The university has posted signs about its new policy around campus and passed out badges that identify members of the “Expressive Activity Support Team” and include printed warnings to be read aloud to people engaged in such behavior.

The American Civil Liberties Union of Indiana is suing the university over the time restrictions, arguing that they effectively prohibit people from talking to a friend about politics or standing silently with a sign during that time.

In a news release, the university said the policy “continues to encourage freedom of expression for all.”

Requiring applications

Another common new measure requires protest organizers to seek university approval at least a few days ahead of time.

A new policy at Carnegie Mellon specifies that unregistered demonstrations that draw more than 25 people may be broken up at the university’s discretion.

At the end of August, students and faculty protested the policy by gathering with signs numbered 1 through 29, to indicate they had violated the new requirement intentionally.

At Rutgers, if seeking a permit for a protest three business days in advance is impossible because the demonstration is spontaneous, community members must still fill out a notification form and speak with a staff member.

Dory Devlin, a spokesperson for the university, said the form was not new but that requiring organizers to obtain a permit for planned demonstrations was “closing the loop.”

Banning Encampments

Encampments were the most visible and dramatic aspect of pro-Palestinian activism last semester. Many schools already prohibited camping, and some of those that didn’t have since instated explicit bans.

Emory, Rutgers and the systems of California State and the University of California are among those institutions with new bans on encampments on campus. The University of California Los Angeles adopted the ban after experiencing one of the most violent incidents of the spring, when a group of pro-Israel counterprotesters attacked the pro-Palestinian encampment for hours as police did little to intervene.

The University of Virginia, where last semester police in riot gear broke up an encampment with chemical irritants and arrested 27 people, also adopted a new ban on camping.

“The University of Virginia is an institution of higher education, not a campground,” said Brian Coy, a spokesperson for the university.

Prohibiting protest in certain areas

A number of schools’ updated policies require demonstrations to take place in specific areas on campus, and explicitly ban activity in areas where students protested in the spring.

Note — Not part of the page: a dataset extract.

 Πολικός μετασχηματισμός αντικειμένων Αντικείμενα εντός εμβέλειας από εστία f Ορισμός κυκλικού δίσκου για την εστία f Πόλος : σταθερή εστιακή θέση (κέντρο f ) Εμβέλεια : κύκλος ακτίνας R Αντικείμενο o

Princeton has prohibited protests on Cannon Green, where students established an encampment last semester. The student newspaper, The Daily Princetonian, reported last week that during a protest after the first day of classes, attendees marched around the green but never stepped onto the lawn itself.

Last semester, James Madison University students protested on the Quad. “Due to its historic, academic, and residential nature,” the Quad may now only be used for registered, university-sponsored events, according to the school’s updated public expression policy.

Limits on certain speech

At a number of campuses during the spring, some students said protesters used language that was antisemitic and called for violence. In response, New York University updated its guidance on student conduct to specify that language targeting Zionists or Zionism could violate its nondiscrimination policy.

The word “Zionist” refers to a person who believes Jews have a right to a state in their ancestral homeland. Many Palestinians and those who support them associate the word with mass displacement during the 1948 war that broke out after the creation of Israel.

The guidance says that “Zionist” can be code for Jewish or Israeli, and that excluding them from an event or spreading stereotypes about them, could violate school policy.